___ Supplied material ___

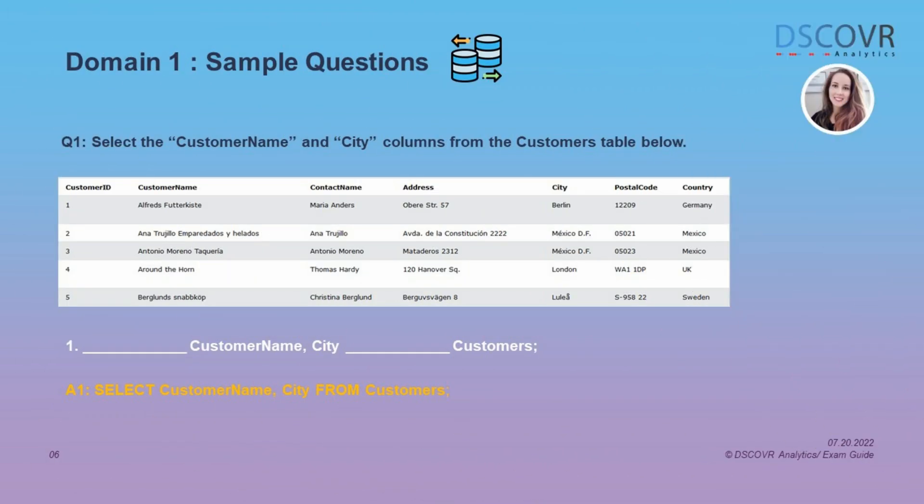You're going to see questions that ask you to complete a SQL query. You'll be given a table or resulting output and then you'll have to fill in the blanks. The first question is asking us to select the customer name and city columns from the customers table. This is a very basic select statement and as an analyst you should know basic SQL commands and be able to extract data from data sources. The final statement is going to say: SELECT customer_name, city FROM customers.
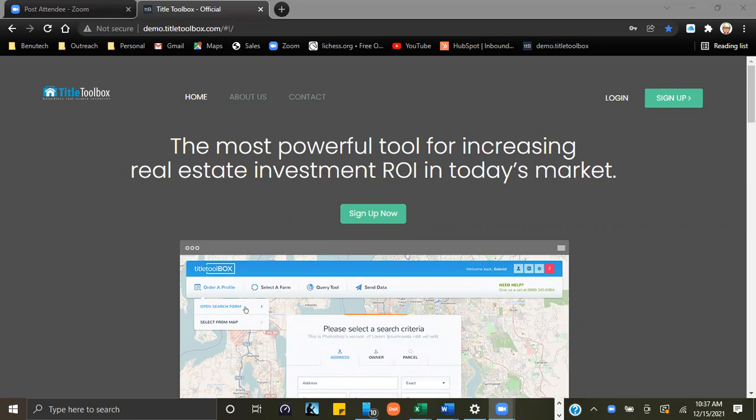Hi, this is Jim Dubois from Venutech, continuing our 101 how-to series. Today, I'm going to show you how to use the property search function in Title Toolbox.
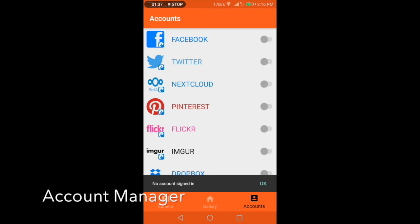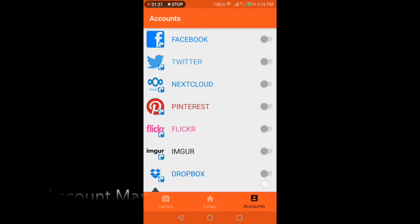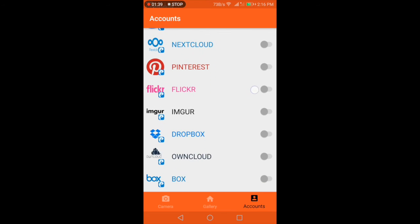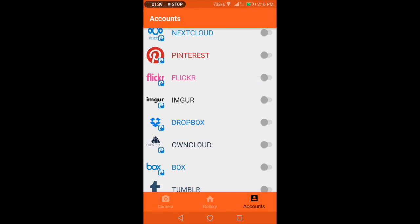Now we are moving to the main feature of the app which I am focusing on in this video: the account manager part. The current screen showing is the account manager in which various accounts are showing, such as Nextcloud, ownCloud, Dropbox, etc.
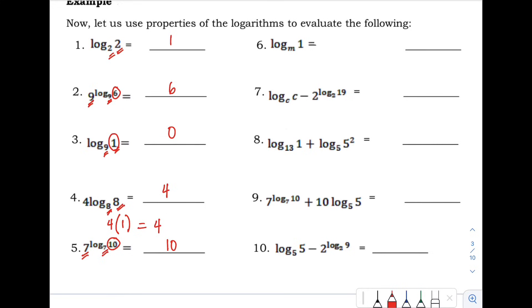Number 6: we have the logarithm of 1 with base M. The number is 1, so with any base, the answer of our logarithm is 0, according to our property.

___

The data above should be repeated exactly, minus any pictures.

You're going to see questions that ask you to complete a SQL query. You'll be given a table or resulting output and then you'll have to fill in the blanks. The first question is asking us to select the customer name and city columns from the customers table. This is a very basic select statement and as an analyst you should know basic SQL commands and be able to extract data from data sources. The final statement is going to say: SELECT customer_name, city FROM customers.
Hi, this is Jim Dubois from Venutech, continuing our 101 how-to series. Today, I'm going to show you how to use the property search function in Title Toolbox.
Now we are moving to the main feature of the app which I am focusing on in this video: the account manager part. The current screen showing is the account manager in which various accounts are showing, such as Nextcloud, ownCloud, Dropbox, etc.
Number 6: we have the logarithm of 1 with base M. The number is 1, so with any base, the answer of our logarithm is 0, according to our property.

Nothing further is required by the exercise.